▶ Your task
Data follows below. Repeat exactly the lines between the line holding "4 bed semi-detached" and the line holding "Balas dendam sang putri", inclusive, and nothing more; drop pictures.

*** Available data ***

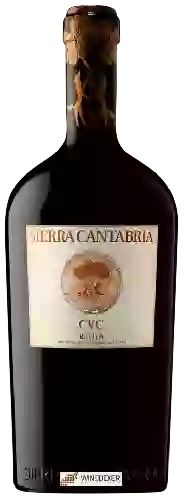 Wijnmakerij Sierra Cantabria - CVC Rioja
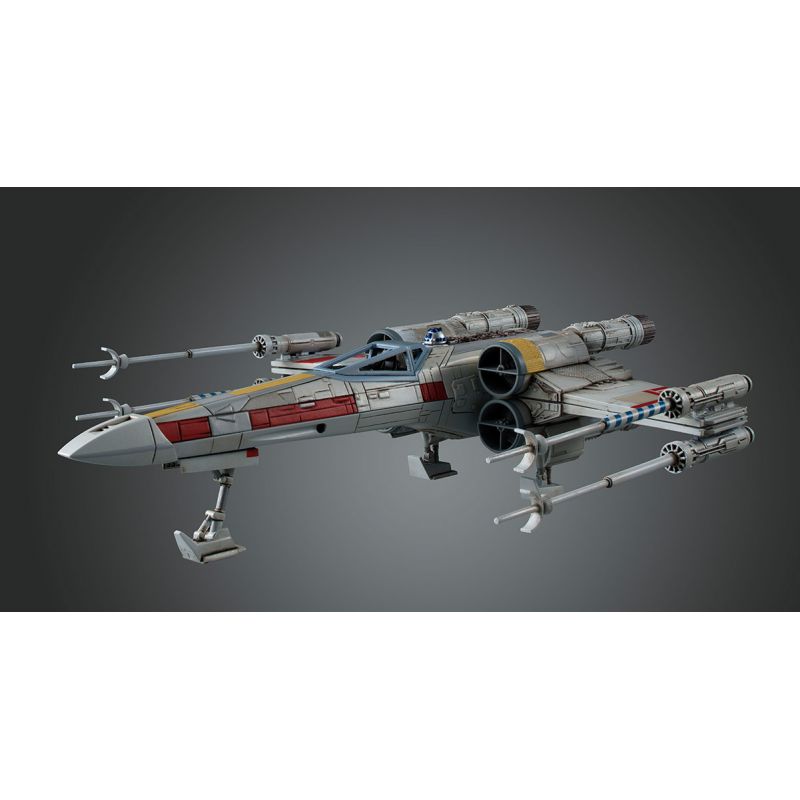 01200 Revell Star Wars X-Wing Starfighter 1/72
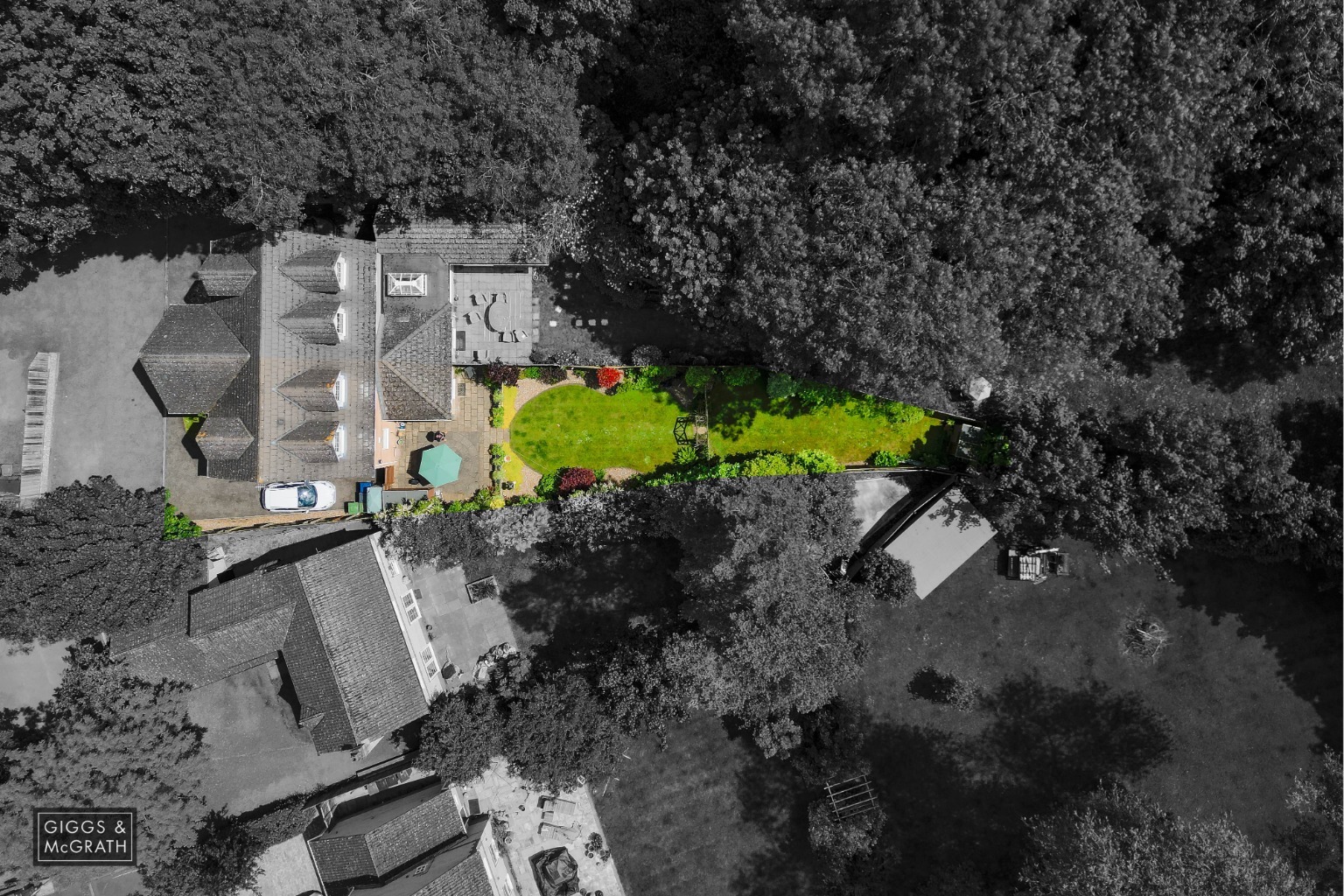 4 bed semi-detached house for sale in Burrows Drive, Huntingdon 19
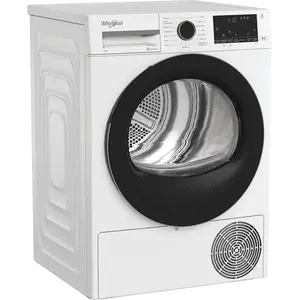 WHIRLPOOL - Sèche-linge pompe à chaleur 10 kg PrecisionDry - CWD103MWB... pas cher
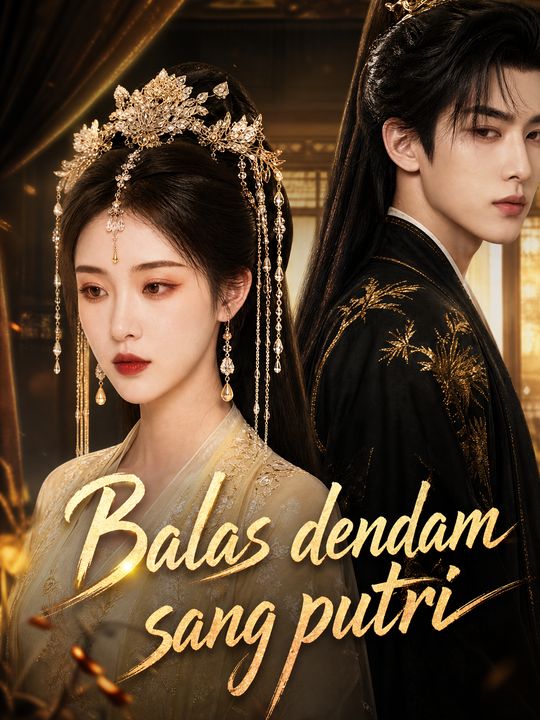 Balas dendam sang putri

*** End of Available data ***
*** Available data ***

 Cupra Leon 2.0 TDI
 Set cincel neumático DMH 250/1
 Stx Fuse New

*** End of Available data ***
*** Available data ***

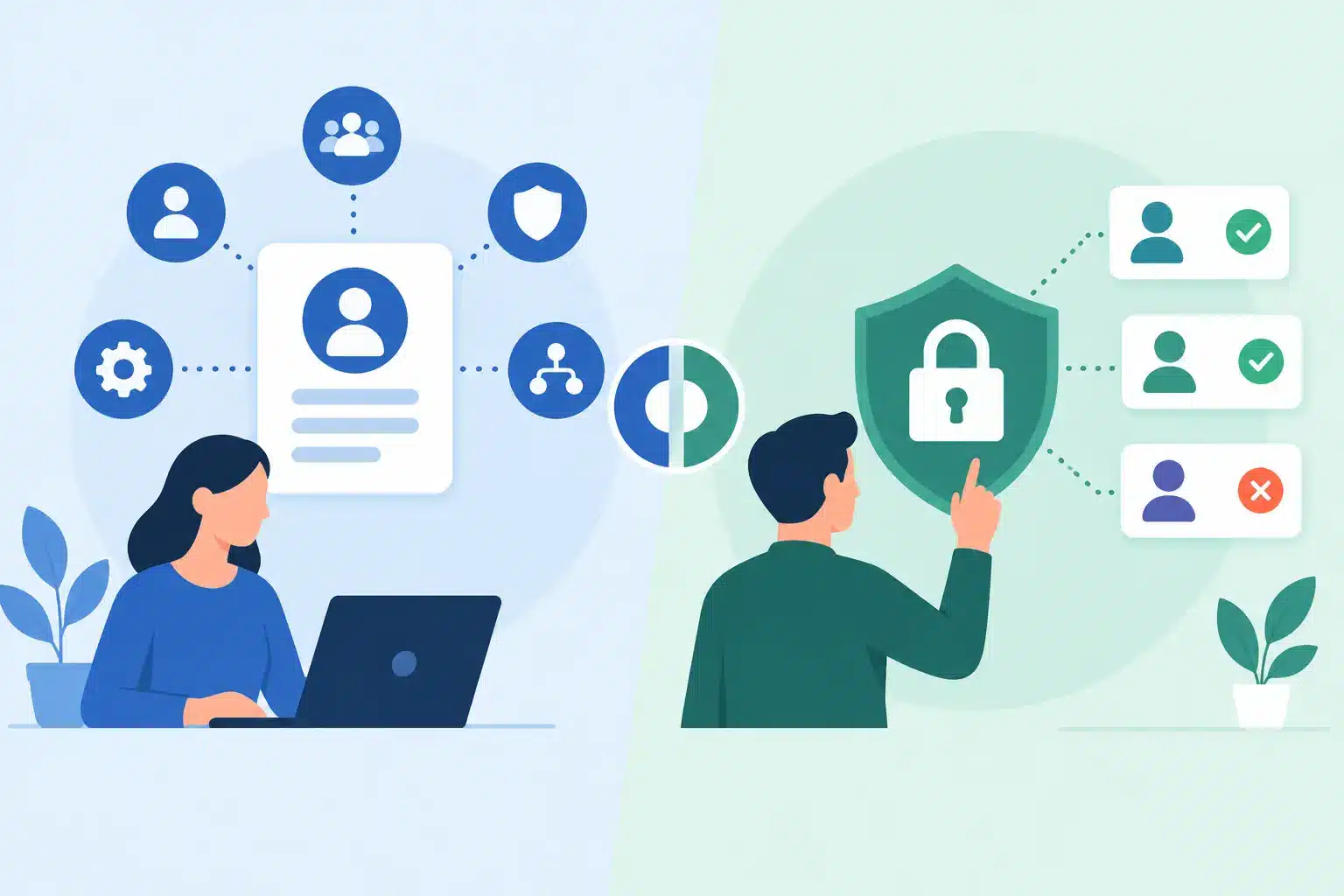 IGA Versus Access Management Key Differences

*** End of Available data ***

▶ Result of this exercise
 4 bed semi-detached house for sale in Burrows Drive, Huntingdon 19
 WHIRLPOOL - Sèche-linge pompe à chaleur 10 kg PrecisionDry - CWD103MWB... pas cher
 Balas dendam sang putri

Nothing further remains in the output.